Former Browns offensive lineman Joe Thomas made a bold statement on Sunday. In response, someone tried to refute it, but without putting their name on the denial.

Via Mary Kay Cabot of the Cleveland Plain Dealer, Thomas said on his podcast with Andrew Hawkins that Browns quarterback Baker Mayfield turned down a long-term deal worth $30 million per year in 2021. An unnamed source tells Cabot that the contention is “100 percent false” and “totally erroneous.”

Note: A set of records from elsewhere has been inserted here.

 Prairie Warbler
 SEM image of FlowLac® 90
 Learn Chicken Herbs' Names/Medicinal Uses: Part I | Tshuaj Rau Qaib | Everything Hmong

The truth could be somewhere in the middle. While Cabot points out that the Browns and Mayfield’s agent never engaged in “substantive” talks on a potential extension in 2021, it’s entirely possible that they communicated sufficiently to know that, for example, Mayfield was looking for something in the range of $40 million per year and the Browns were hovering in the neighborhood of $30 million per year. As a result, there would have been no reason to have full-blown negotiations.

So maybe Thomas is saying that Mayfield could have had $30 million per year, if he’d wanted it. But he didn’t.

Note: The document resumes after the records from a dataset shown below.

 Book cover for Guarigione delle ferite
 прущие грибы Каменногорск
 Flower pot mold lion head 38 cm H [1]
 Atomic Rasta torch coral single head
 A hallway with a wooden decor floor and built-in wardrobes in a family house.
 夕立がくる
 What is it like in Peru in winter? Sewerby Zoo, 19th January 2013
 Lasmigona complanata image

Based on what was known entering the 2021 season, he should have been aiming higher than $30 million per year. He’d just taken the Browns to the final eight, and he (and the Browns) gave the Chiefs everything they could handle in the divisional round of the playoffs. They did it again in Week One. Only after Mayfield injured his non-throwing shoulder while making a tackle after throwing a Week Two interception against the Texans did things start to go sideways for Mayfield.

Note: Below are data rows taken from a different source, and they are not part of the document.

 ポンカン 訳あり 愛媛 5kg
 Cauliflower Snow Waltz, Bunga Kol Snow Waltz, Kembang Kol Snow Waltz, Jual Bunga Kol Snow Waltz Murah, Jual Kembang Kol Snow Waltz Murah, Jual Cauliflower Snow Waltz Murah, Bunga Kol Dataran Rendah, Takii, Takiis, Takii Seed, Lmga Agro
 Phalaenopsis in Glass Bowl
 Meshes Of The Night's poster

Mayfield has a high degree of confidence in himself. It’s hardy implausible to think the Browns would have been willing to pay him $30 million, and that Mayfield stubbornly would have pressed for much more than that.

At this point, it doesn’t matter. Mayfield and the Browns will divorce. The only question is whether and to what extent the Browns will be paying his $18.8 million guaranteed salary for 2022. At a time when the Browns are trying to delicately extricate themselves from the relationship with minimal financial impact, it makes sense for the Browns to say nothing that would further alienate Mayfield -- including giving credence to the idea that could have had $30 million per year in 2021, and that his refusal to accept such a package has since blown up in his face.